June 16, 2010 – On Wednesday, the Australian Associated Press (AAP) quoted the IMF in saying that in five years’ time the economy of Asia, inclusive of New Zealand and Australia will be have increased by 50% which will account for more than a third of the total output worldwide.
The June Edition of the Finance and Development Magazine which is published by the International Monetary Fund (IMF) and was released on Tuesday in Washington stated that in addition, in twenty years’ time Gross Domestic Product (GDP) within Asia will grow to the extent that it will exceed the GDP of the Group of Seven (G7) major industrial economies which include Japan, France, Britain, Germany, Italy, Canada and the United States of America.
Anoop Singh, the director of Asia and Pacific Development for the IMF said in his article, which was entitled “Asia- Leading the Way”, that “The possibility that Asia could become the world’s largest economic region by 2030 is not idle speculation”.
“It seems very plausible, based on what Asia has already achieved in (two) decades.”
This was inclusive of the emerging economies in Asia, such as Malaysia and China, doubling their percentage share of worldwide trade and more than tripling the share they held in worldwide gross domestic product (GDP).
In regards to this, China, Australia’s number one trading partner and India, Australia’s third largest trading partner have been considered to be the ones blazing the trail.

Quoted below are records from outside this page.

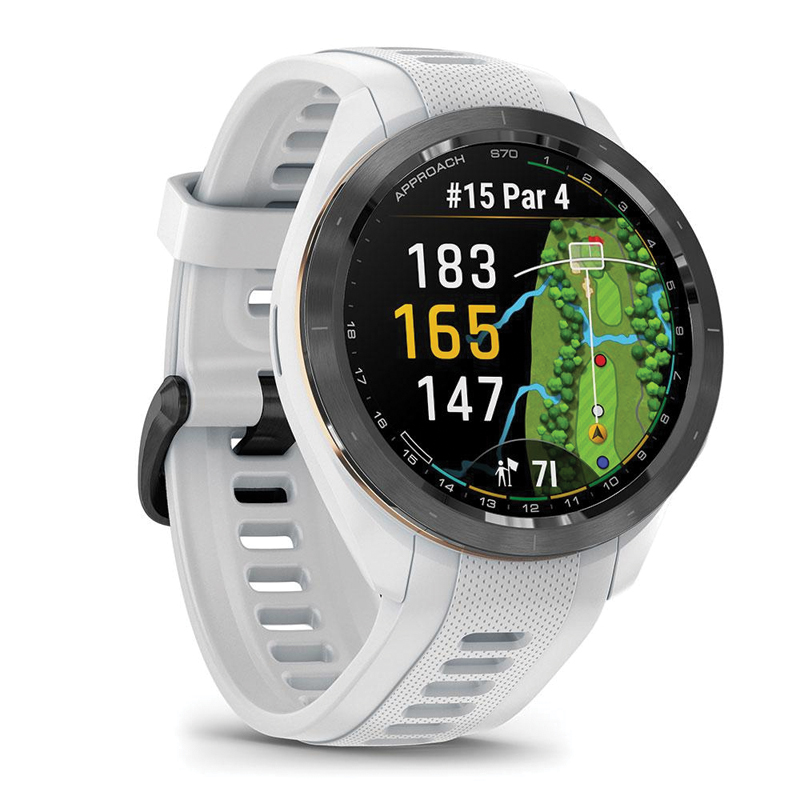 Garmin Approach S70 Golf GPS Smartwatch | 42mm | Black Ceramic Bezel | White Silicone Band | AMOLED Display | 010-02746-10 - Image 2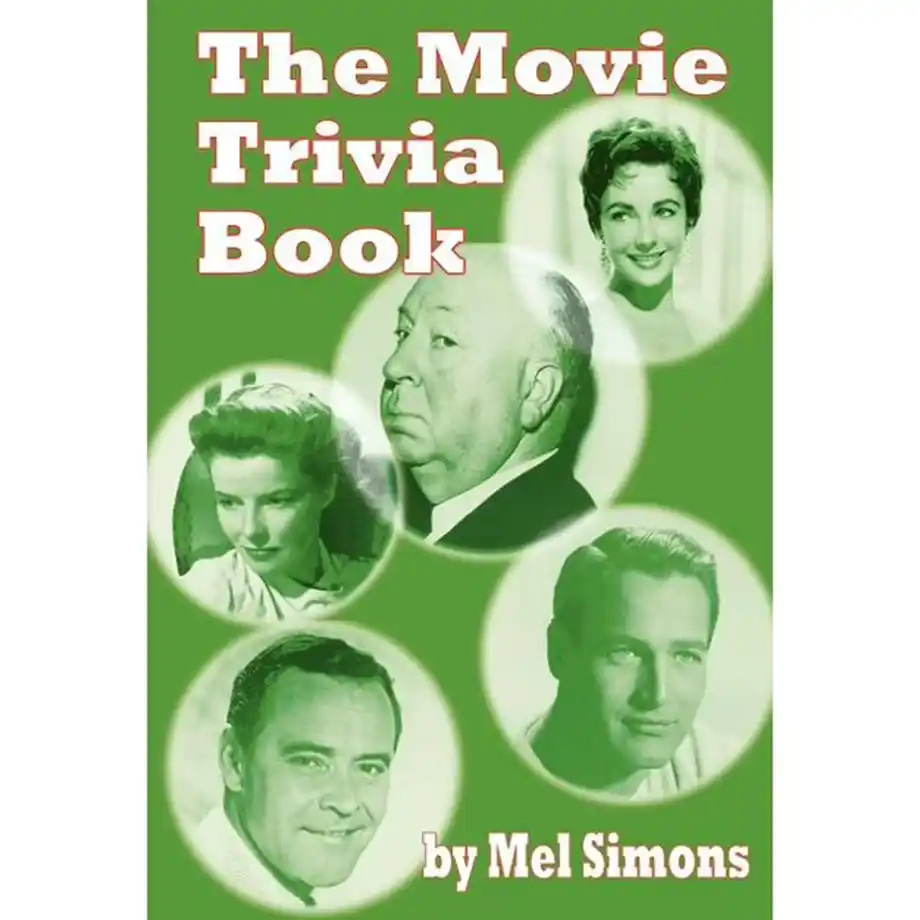 An image of an open book titled The Movie Trivia Book, surrounded by film reels, popcorn, and vintage movie posters. A must-have for anyone who loves to test their Movie Trivia Questions knowledge!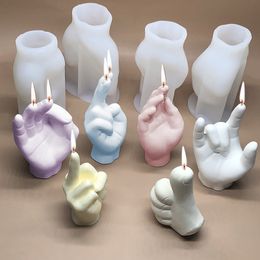 12 Types Hand Shape Candle Silicone Moulds DIY 3D Gesture Scented Candles Soap Mould Fingers Perfume Wax Plaster Chocolate Cake Decoration Moulds Handmade Ornaments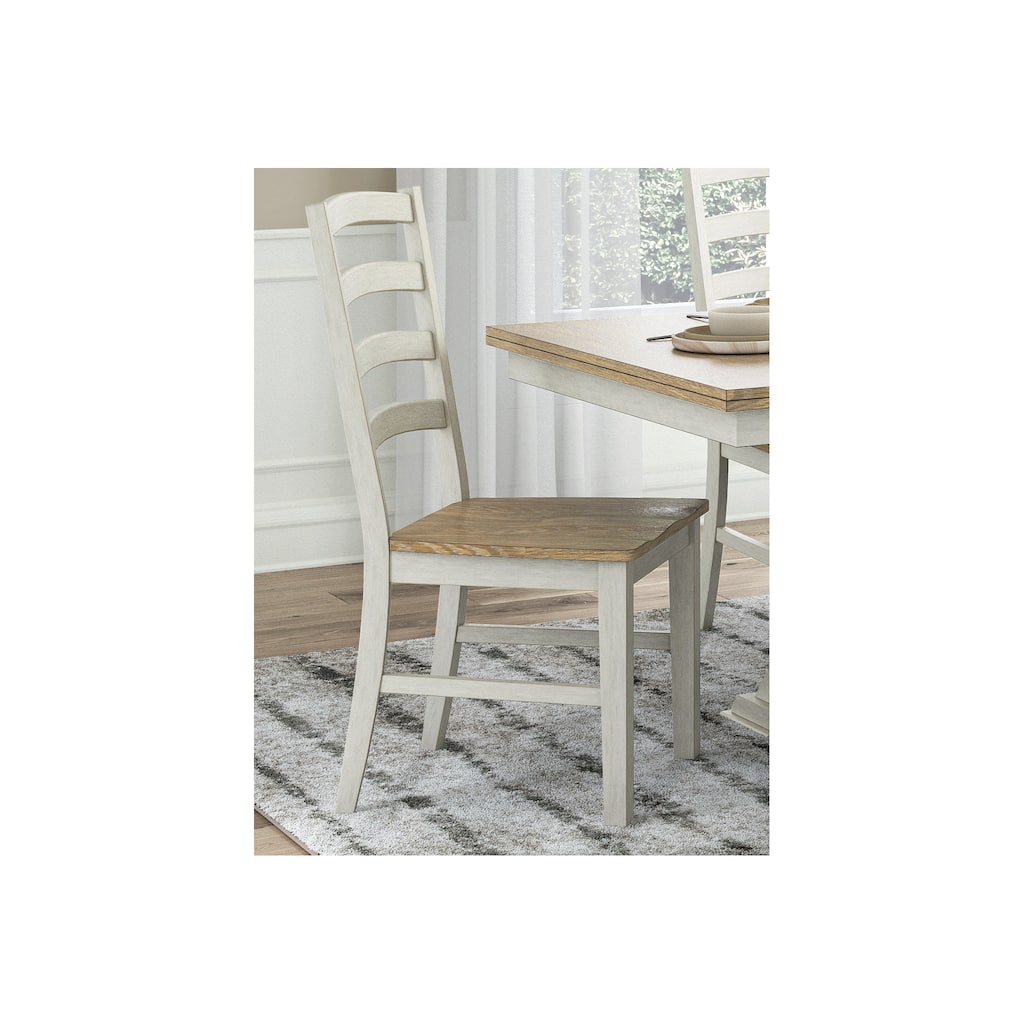 Signature Design by Ashley Westlinport Antique White/Brown Dining Chair (Set of 2) - 19"W x 24"D x 39"H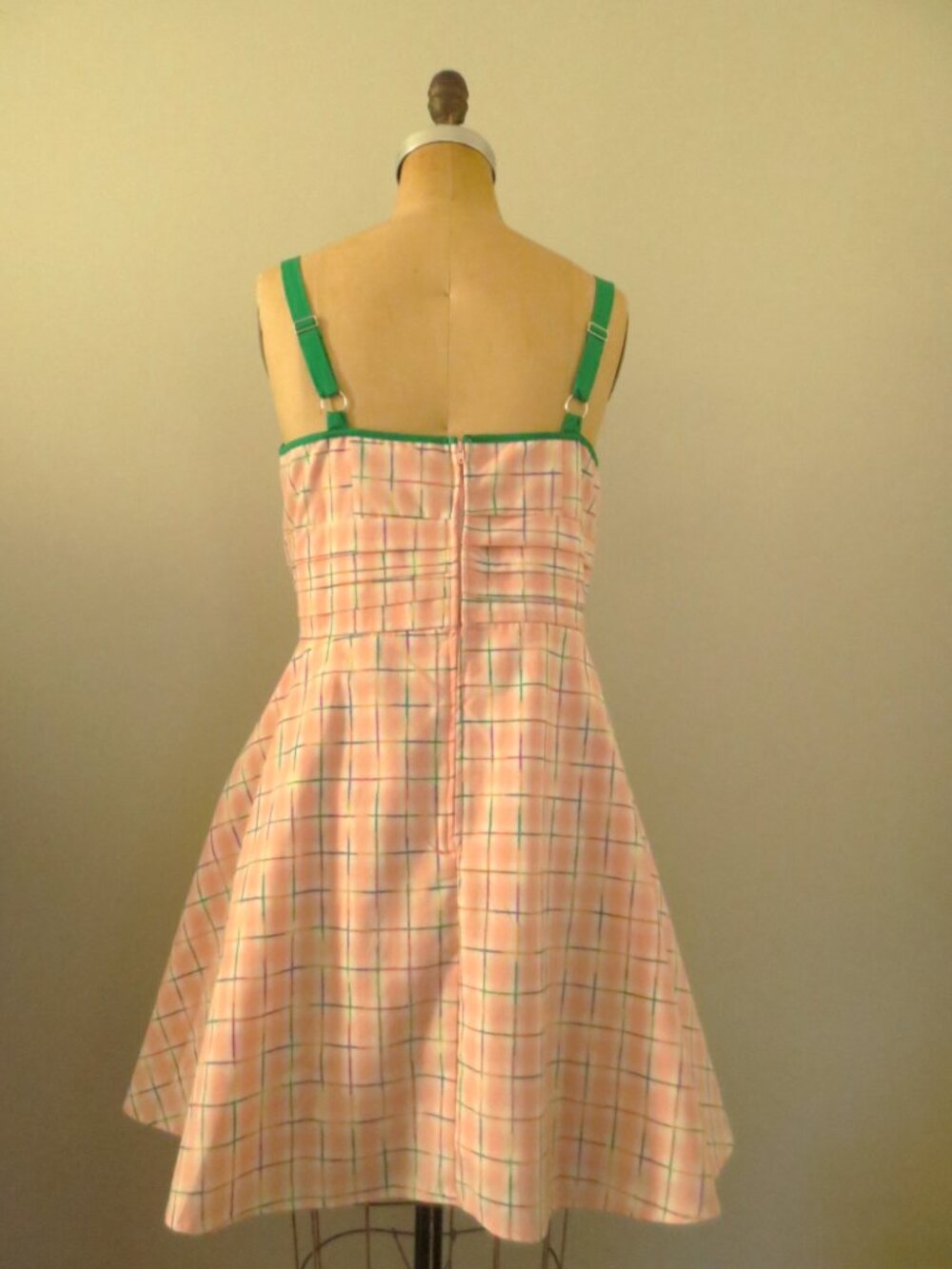 Unique Vintage Pink & Green Plaid Fit & Flare Cotton Dress - Picture 2 of 15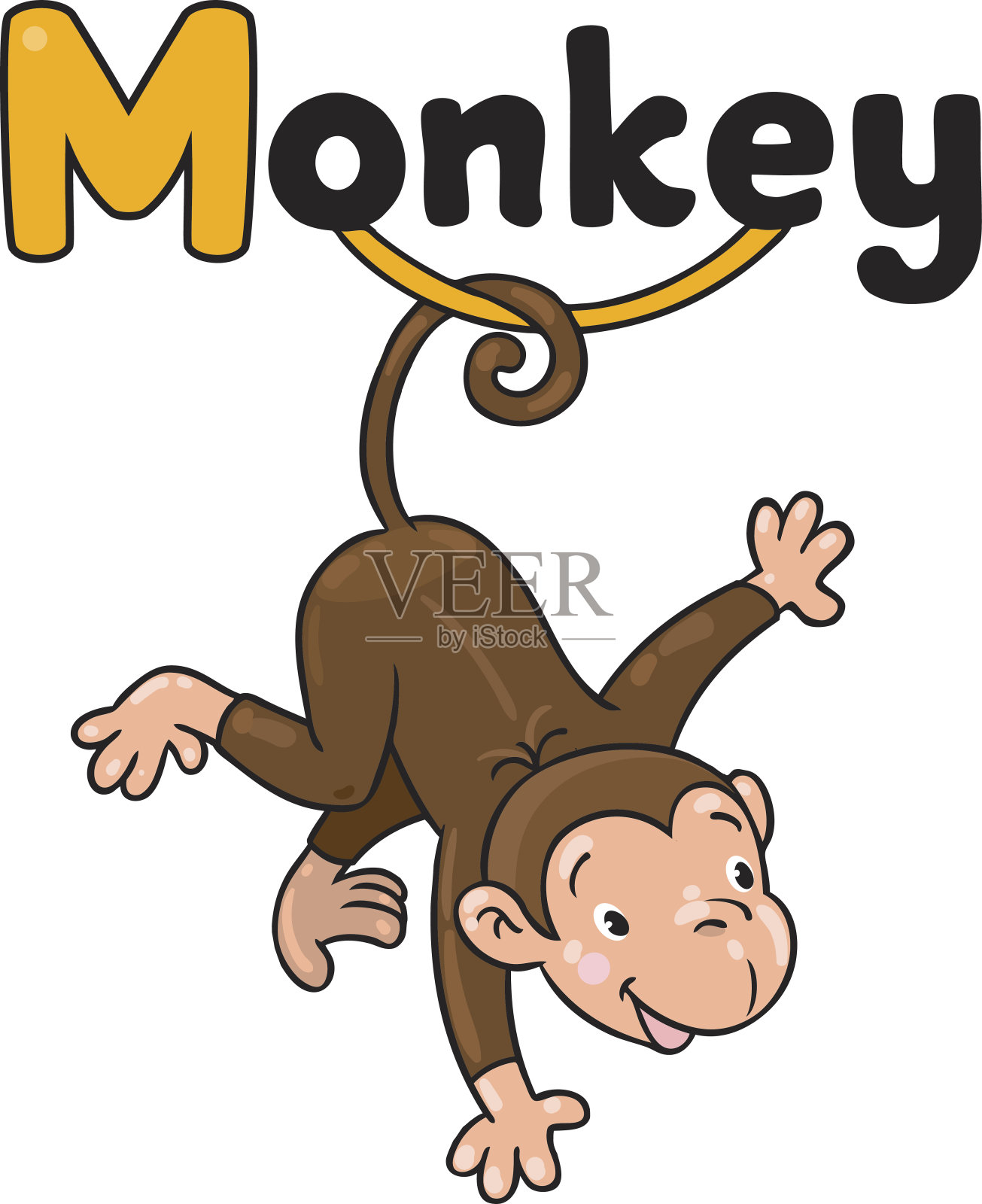小猴子在lians上。字母M插画图片素材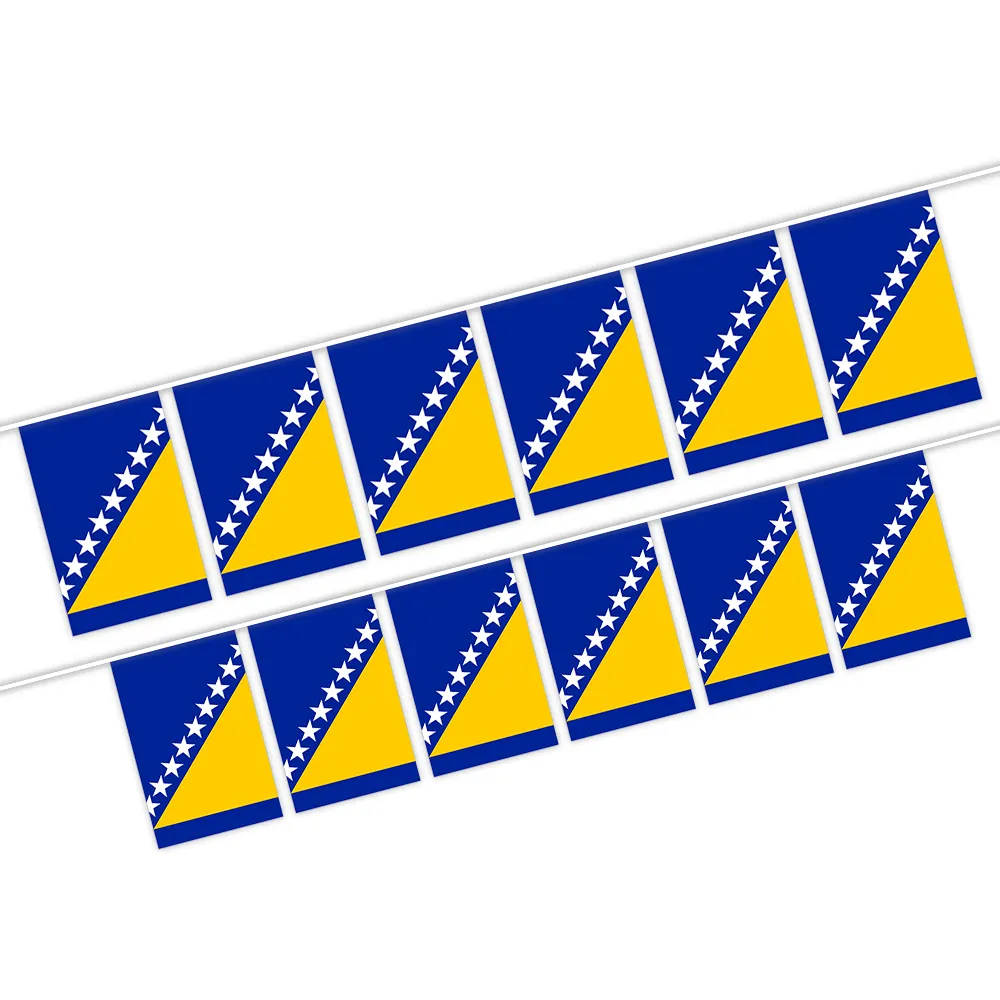 Fabricante al por mayor de banderines de bandera de Bosnia y Herzegovina con tamaño y patrón personalizados para decoraciones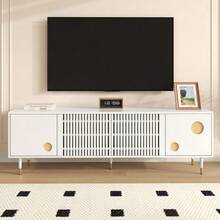 TV Cabinet With A Grid-Like Structure, Concealed Handle, And Gold Finish. Living Room Furniture. Two Solid Wood Doors. - White - View 1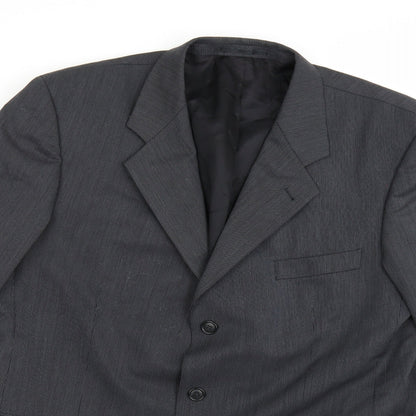 Close-up detail of Copperstone men’s grey rayon jacket suit jacket, size 44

Singh went on to say that this “phenomenon” was by no means exclusive to India and China and added that the economic importance of Asia as a whole was “palpable and unmistakable”.
The Contribution that has been made towards global economic recovery by Asia has been substantially more than any other region, and the main driving force behind the recovery of many Asian in countries has been both strong demands domestically and exports which contrasts with previous recoveries.